Numeracy is the ability to work with numbers to solve problems in real-life situations for example money, wages, timetables, measurements, interpreting graphs and charts and using spread sheets. Numeracy is therefore a concrete and useful concept.
There is a natural crossover between Numeracy and Mathematics: all Mathematics lessons contain Numeracy, however, Numeracy needs to be taught consistently well across all subjects to help our students get the best start in life.
A whole school Numeracy Policy exists to secure high standards in numeracy across the school. It sets out the school’s approach to the teaching of agreed numeracy skills to provide cross-curricular consistency and a basis against which progress can be judged.
Teachers of all subjects have regard for the whole school numeracy policy in their planning of lessons and use and explain mathematical vocabulary whenever it will enhance students’ knowledge, skills and understanding of the topic. Students are encouraged to make mental calculations and estimations when it is sensible to do so and the use the four rules of number is emphasised. Accurate measurement and use of appropriate units of measurement is a feature of lessons and correct use and interpretation of graphs or charts is expected in all subjects.
Department handbooks and schemes of work contain copies of the whole school Numeracy Policy and identify topics/areas requiring numeracy skills.
The school expects all students to bring their own scientific calculator to lessons when required. Students are encouraged to resort first to mental methods and to have sufficient understanding of the calculation to decide the most appropriate method: mental, pencil and paper or calculator.

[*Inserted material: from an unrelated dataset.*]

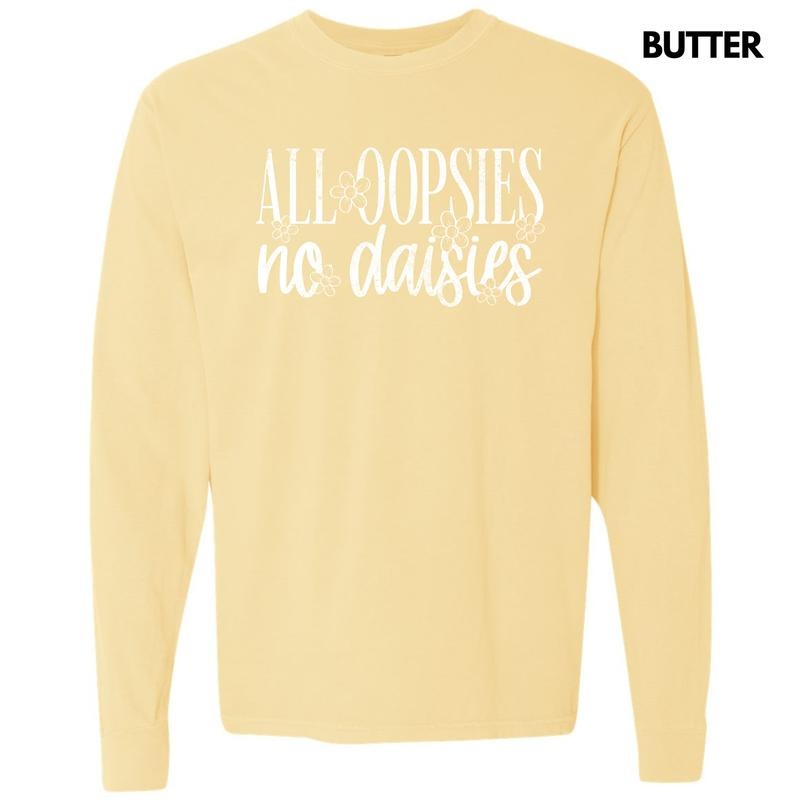 White Oopsie Daisies Long Sleeve Comfort Colors 'NLB' T-Shirts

Students are taught the technical skills required to use the basic facilities of a calculator constructively and efficiently.
All classrooms have a Numeracy poster on displayed which shows methods for approaching any problem involving numbers and this corresponds with the Numeracy page in student planners.
Monitoring and evaluation is through regular review and moderation of students’ work; monitoring of schemes of work in all subjects for numeracy opportunities; evaluation of KS3 levels, GCSE results, teacher assessments and other standardised assessments; observations of the quality of teaching; regular review of resources; student surveys and the involvement of the named governor responsible for monitoring Numeracy.